第8回 日本経済の諸問題:円高と年金問題

第7回 政府と日銀のお話し:財政政策と金融政策

  •  今回は日本経済が直面する問題として、円高と年金問題を取り上げます。
     まず円高に関してですが、日本円と米ドルの為替レートは、変動相場制に移行した1973年以降、基本的に円高ドル安傾向で推移してきました。この理由は、日本製品の輸出増大にあります。つまり日本から輸出された製品の代金は、基軸通貨である米ドルで受取ることになります。しかし日本企業は社員に対する給料や銀行への融資返済のためには日本円が必要ですから、外国為替市場でドルを売って円を買います。その結果、円高ドル安となる訳です。
     またここ数年の急激な円高傾向に関しては、2008年のリーマンショック後のアメリカにおける金融不安や財政赤字による米ドルへの不安感、あるいはギリシャ、スペイン、イタリア等EU加盟国の財政赤字によるEUユーロへの不安感から、消去法で日本円が買われている結果です。また日本の長引くデフレ傾向による通貨価値の上昇も、この傾向に拍車をかけています。

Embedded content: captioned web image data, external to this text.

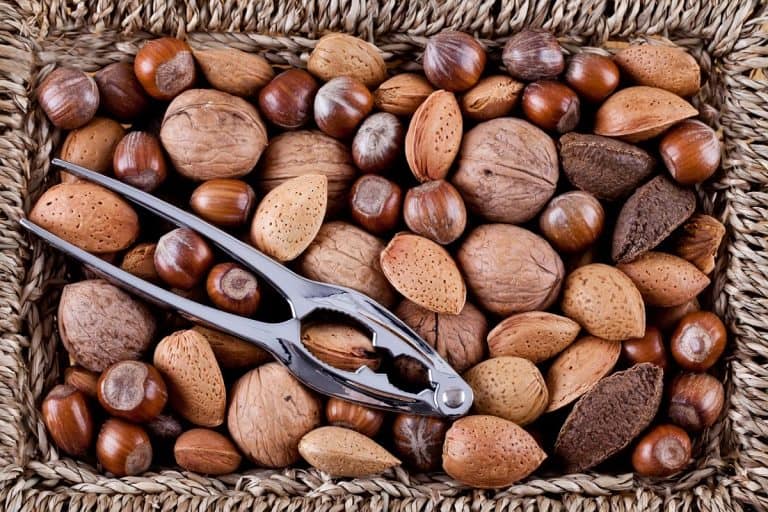 整个坚果的柳条篮子胡桃夹子,你破解什么坚果,胡桃夹子吗?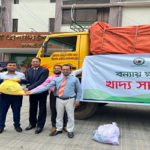বন্যার্তদের জন্য ইসলামী ব্যাংকের খাদ্য সামগ্রী প্রদান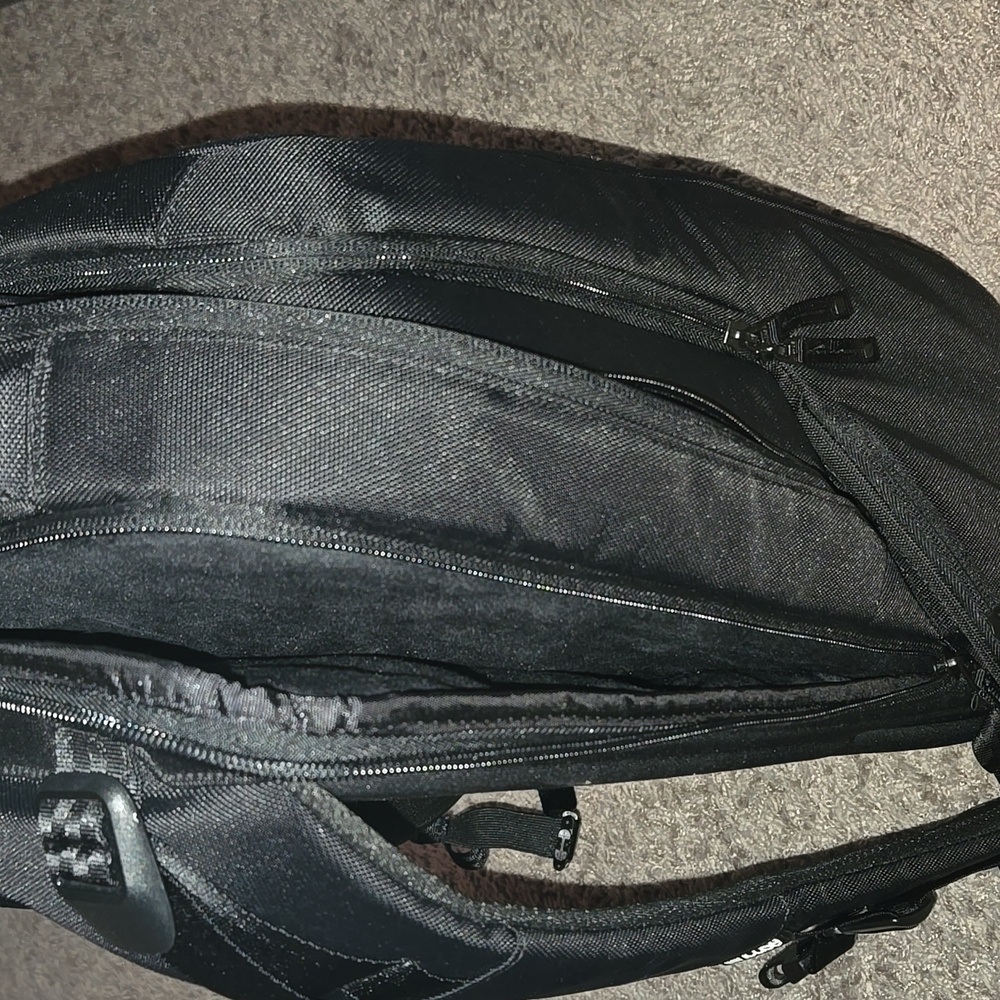 Brand new Incase Icon Slim Backpack - Picture 2 of 3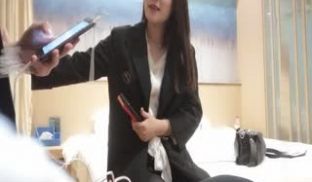 刚毕业不久的四川漂亮妹子用肉体赚零花，玩到一半姨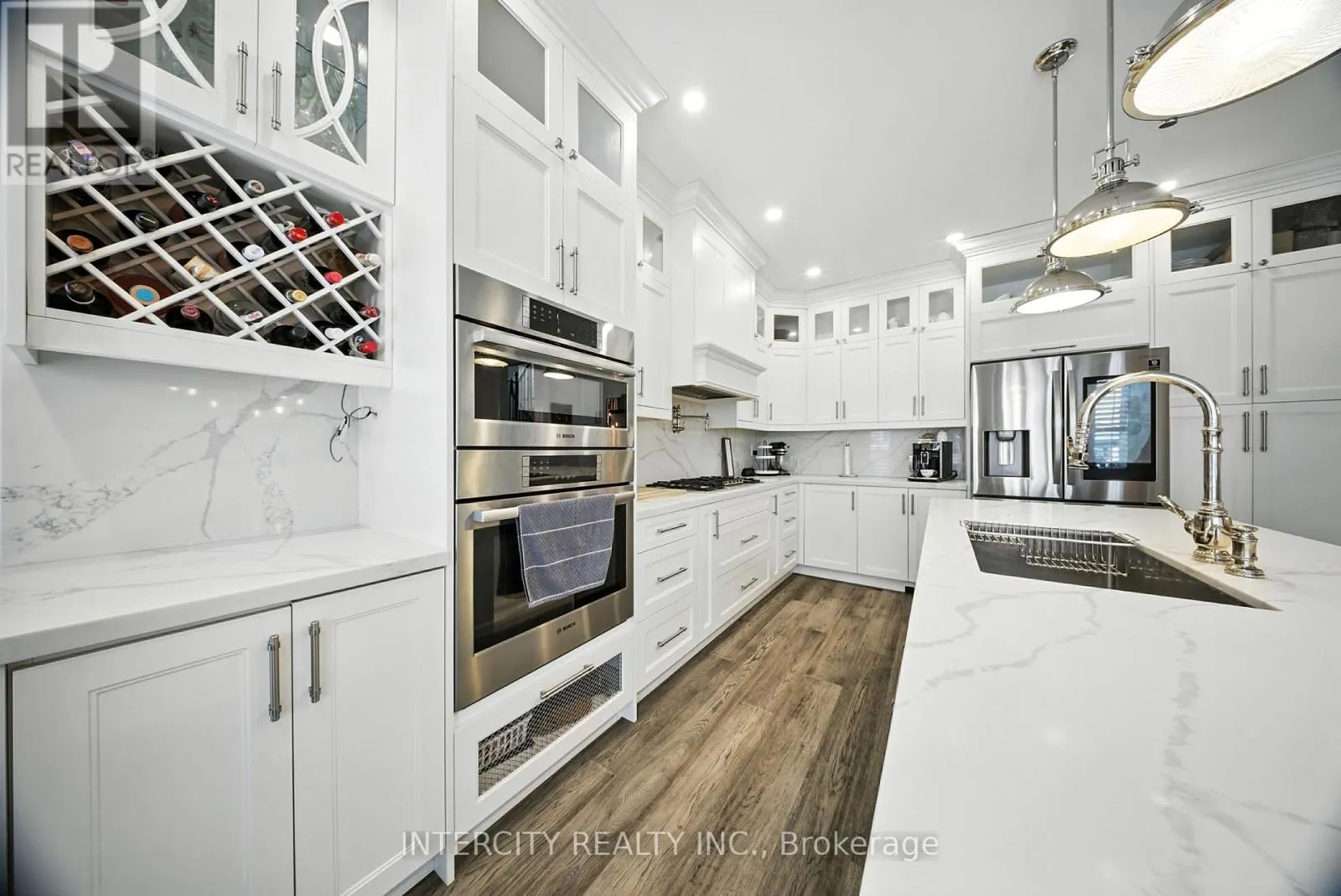 74 TERME AVENUE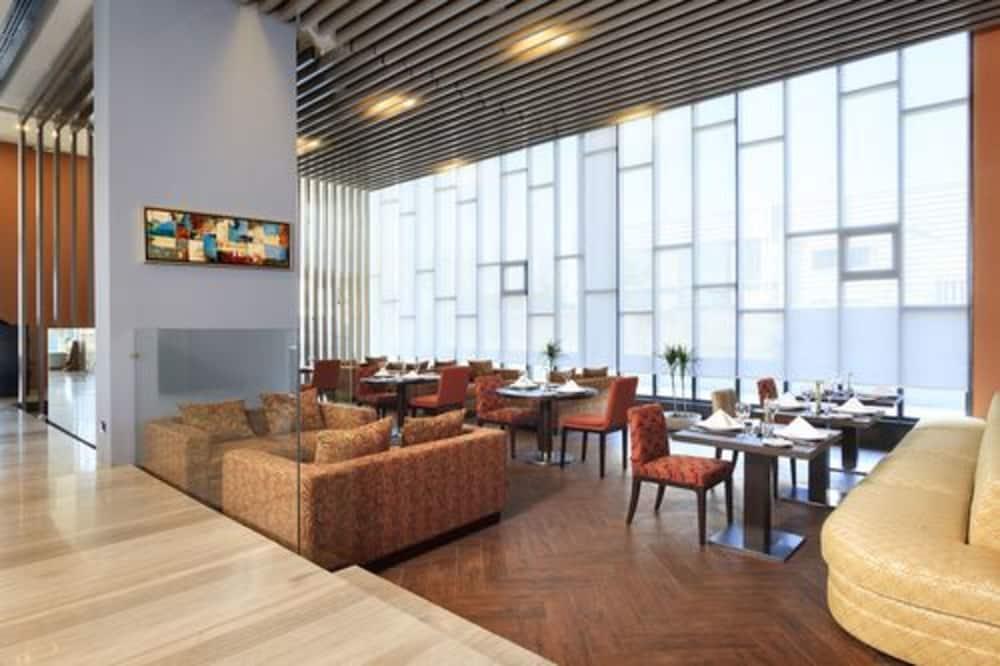 Courtyard By Marriott Santiago Airport Hotell Eksteriør bilde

     このような円高による影響は、輸出企業の業績悪化を招きます。たとえば$1=\110として、110万円(=1万ドル)の車を輸出しているとします。ここで$1=\100と円高になった場合、110万円は1.1万ドルとなります。しかし買い手側としては、これまで1万ドルで買えたものに1.1万ドルを払おうとはしないでしょう。したがって売り手側としては、110万円の車をコスト削減などをして100万円(=1万ドル)で販売することになります。
     日本企業はこのようにして、コスト削減しながら円高に対応してきました。しかしそうした対応の結果、ますます日本製品への需要が高まり、輸出が伸びることになります。そして輸出が円高を招き、円高が企業にコスト削減を促し、それがまた円高を促す、ということがこれまで続いている訳です。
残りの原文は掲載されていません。